___ GIVEN INFORMATION

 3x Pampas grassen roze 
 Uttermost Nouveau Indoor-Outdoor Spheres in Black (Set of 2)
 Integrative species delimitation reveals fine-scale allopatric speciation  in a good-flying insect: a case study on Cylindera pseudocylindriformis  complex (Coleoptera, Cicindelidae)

______

Output the full listing exactly as it stands.

 3x Pampas grassen roze 
 Uttermost Nouveau Indoor-Outdoor Spheres in Black (Set of 2)
 Integrative species delimitation reveals fine-scale allopatric speciation  in a good-flying insect: a case study on Cylindera pseudocylindriformis  complex (Coleoptera, Cicindelidae)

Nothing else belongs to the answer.